Diğer önemli özelliklerinden birisi de derin İslamî bilgisi, İngilizce, Arapça, Almanca gibi dilleri iyi bilmesidir. Seyahatlerinde birçok gayrimüslimin, yüce dinimiz İslam’la ve ardından Nakşibendi tarikatı ile şereflenmelerine vesile olmuştur. Bu özelliği basın-yayın kuruluşlarının dikkatini çekmiş, dünya kamuoyunda Asya, Avrupa, Afrika ve Amerika kıtalarına yaptığı ziyaretlere yer verilmiştir. Hazret bu konu üzerine katıldığı mülakat ve söyleşilerde, “Tevfik ve hidayet Allah’tan, biz vesileyiz” diye buyurmuşlardır.

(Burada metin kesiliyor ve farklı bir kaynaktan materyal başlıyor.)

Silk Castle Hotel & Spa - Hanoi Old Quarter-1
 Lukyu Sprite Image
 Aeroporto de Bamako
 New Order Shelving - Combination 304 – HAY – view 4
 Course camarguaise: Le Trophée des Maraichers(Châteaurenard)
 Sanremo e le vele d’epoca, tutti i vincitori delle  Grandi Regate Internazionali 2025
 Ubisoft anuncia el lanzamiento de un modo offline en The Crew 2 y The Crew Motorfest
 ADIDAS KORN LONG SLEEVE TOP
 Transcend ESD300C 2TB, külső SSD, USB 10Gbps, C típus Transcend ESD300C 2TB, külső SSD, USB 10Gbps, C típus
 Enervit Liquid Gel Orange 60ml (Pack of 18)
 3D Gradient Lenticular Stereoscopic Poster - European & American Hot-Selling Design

Altın Silsilenin 38. Büyük Şeyhi olan Şeyh Şerafettin Dağıstanî Hazretleri 1922 yılında Bursa’da Güneyköy’de verdiği bir sohbetinde “Evlatlarımdan biri çok Hristiyan’ı Müslüman yapacak, O henüz daha doğmamıştır. Onun ayak numarası 42’dir” buyurur. Şeyh Muhammed Nazım Adil El Hakkani’nin aynı yıl Kıbrıs/Larnaka’da dünyaya teşrif etmesi üzerine Şeyh Şerafettin Hazretleri Güneyköy’de; “O evladım doğdu” deyip, Kıbrısî El Hakkanî Hazretleri’nin doğumunu müjdelemiştir.
Şeyh Muhammed Nazım Adil El Hakkanî Hazretleri zahiren 27 kez hacca gitmiş, sonraki yıllarda yaşının ilerlemesi üzere kutsal topraklara gidememiştir. Biiznillah keramet halidir ki Lefke dergâhında iken hac vazifesini tamamlamak üzere kutsal topraklarda bulunan sevenleri, Kâbe-yi Muazzama’yı tavaf esnasında kendisini gördüklerini birçok kez ve farklı zamanlarda beyan etmişlerdir. Dünyaya ve dünya hayatına tenezzül etmeyip ebediyeti, sonsuzluğu dilemiştir. Hiç kimseden dünya için bir talepte bulunmamıştır. Ahir ömrünü mütevazi bir hayatla geçirmiştir.
Şeyh Muhammed Nazım Adil El Hakkani Hazretleri 41 tarikattan icazetli olup, 41 tarikatın Şeyhidir. Vefatından bir kaç yıl önce manevi işaret üzere oğlu Şeyh Muhammed Mehmet Adil El Hakkani Hazretlerini bu yolun öğretilerini yapması ve yaptırması üzere kendinden sonrası için vazifelendirmiştir.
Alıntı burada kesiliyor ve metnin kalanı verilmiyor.